Raccolta News di Economia e Finanza aggiornate in tempo reale

“Siamo qui non per delegittimare uno stato, Israele, ma per legittimare uno stato: la Palestina. Mi impegno a rianimare i negoziati con Israele”. Lo ha dichiarato il presidente dell’Anp Abu Mazen al Palazzo di vetro, poco prima che l’Assemblea Generale dell’Onu desse il via libera alla risoluzione che riconosce la Palestina come “Stato osservatore non membro dell’Onu”.

La risoluzione è stata votata con 138 voti favorevoli, tra cui l’Italia. I paesi che hanno votato contro sono stati 9, 41 gli astenuti.

Dopo essere stato accolto da un lungo applauso, Abu Mazen ha chiesto all’Onu di dare alla Palestina “un certificato di nascita come stato“. “La Palestina partecipa all’Assemblea Generale oggi perché crede nella pace e la sua gente ne ha un disperato bisogno – ha continuato – il popolo palestinese in questi giorni bui guarda all’Onu con grande speranza per la fine delle ingiustizie e per un futuro di giustizia e di pace. Il voto è l’ultima chance per salvare la soluzione dei due stati”.

All’intervento di Abu Mazen ha fatto seguito quello dell’ambasciatore israeliano Ron Prosor, che ha detto che “per porre fine al conflitto una volte per tutte l’Anp deve esser pronta a riconoscere Israele come stato ebraico con Gerusalemme capitale. Questa risoluzione non riconosce l’Autorità Palestinese come Stato, perché non ha le caratteristiche per essere uno Stato”, ha aggiunto l’ambasciatore. “Perché si possa arrivare a una pace duratura bisogna garantire la sicurezza”, ha aggiunto Prosor, ribadendo che la risoluzione sull’ammissione della Palestina come stato osservatore non membro dell’Onu “allontana la pace”.
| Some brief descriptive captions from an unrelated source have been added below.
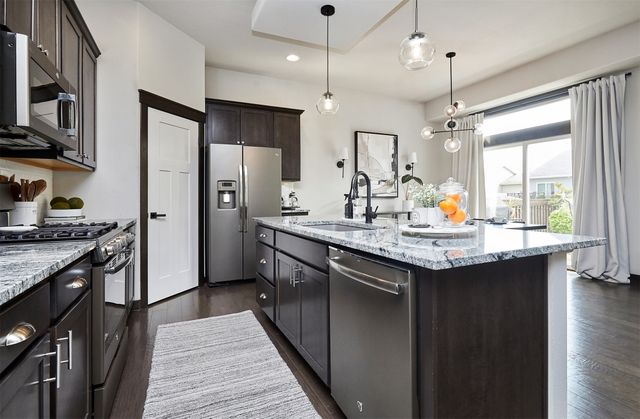 9710 Alderwood Drive, West Des Moines, IA 50266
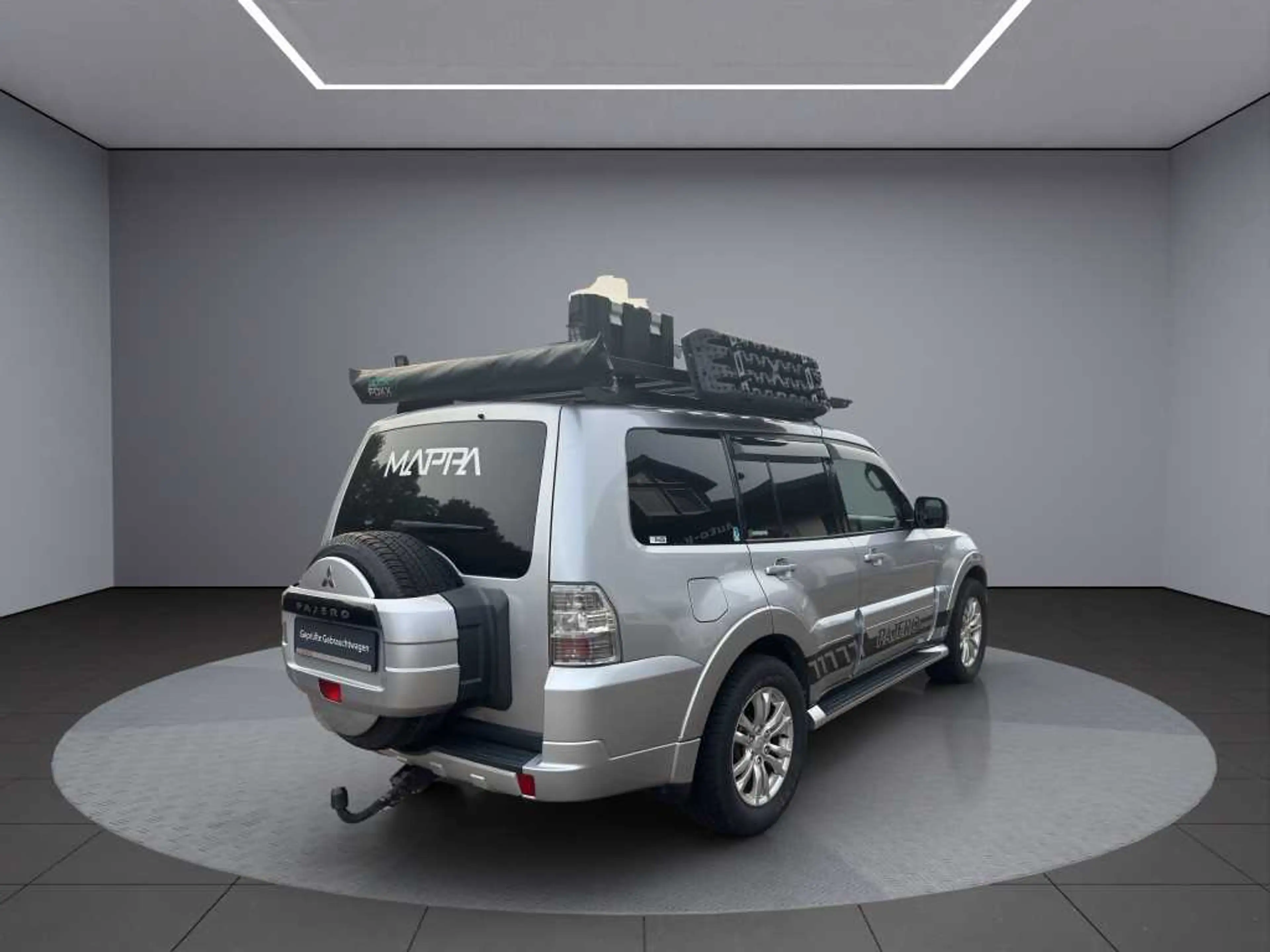 Mitsubishi Pajero 3,2 5T Instyle Leder AHK Scheckheft — photo 6
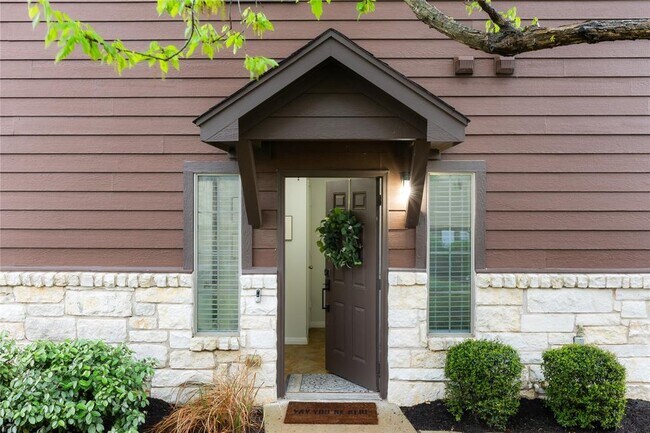 Photo - 11237 Lost Maples Trail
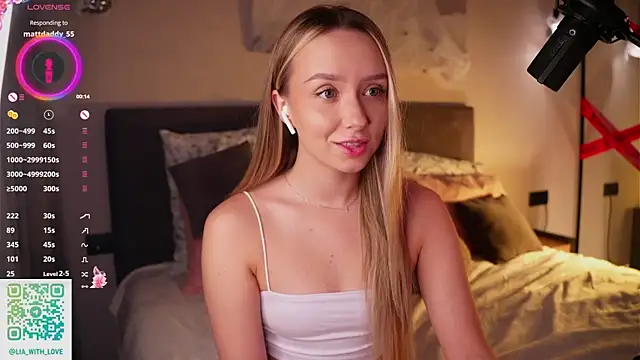 HollisBeckett online show from November 15, 2025, 3:04 am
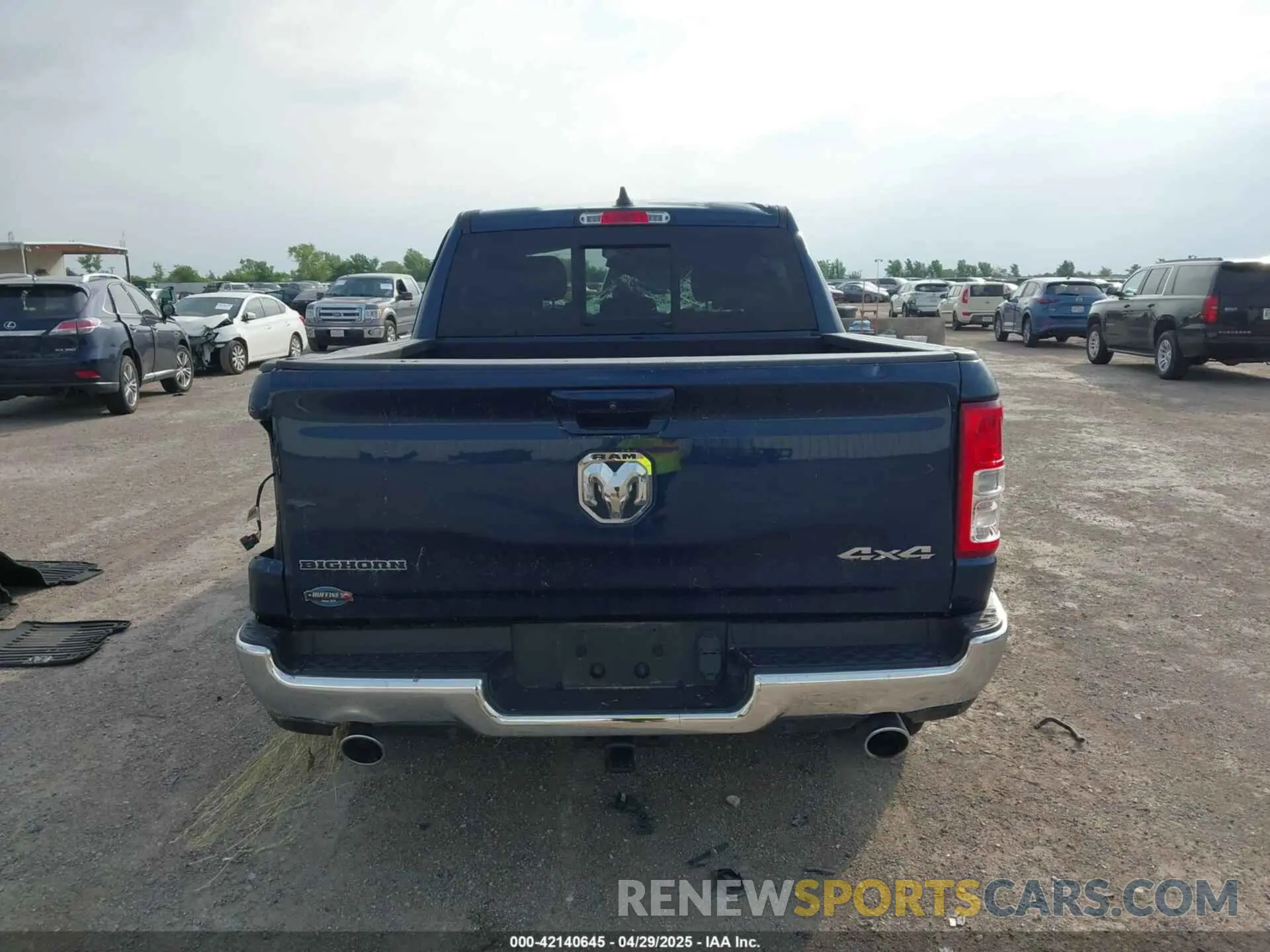 15 Photograph of a damaged car 1C6SRFFT7NN415143 RAM 1500 2022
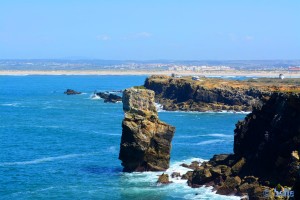 Parking in Papoa - Peniche - Reserva Natural das Berlengas, Portugal – Mai 2015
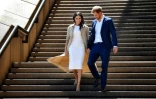 Harry et Meghan descendent les marches de l'opéra de Sydney le 16 octobre 2018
Il discorso di Abu Mazen ha scatenato l’immediata reazione del premier israeliano Benyamin Netanyahu, che ha definito l’intervento del presidente dell’Anp ”ostile e velenoso” e che le parole del leader palestinese non sono quelle di chi “cerca la pace”. ”Il mondo – secondo Netanyahu- ha visto un discorso sobillatore, di tono velenoso, pieno di propaganda menzognera verso le forze armate israeliane e i cittadini israeliani”. La risoluzione dell’Assemblea generale, per il premier israeliano è comunque priva di significato e non cambierà alcunché sul terreno. I palestinesi hanno infranto gli accordi con Israele, e Israele agirà di conseguenza”.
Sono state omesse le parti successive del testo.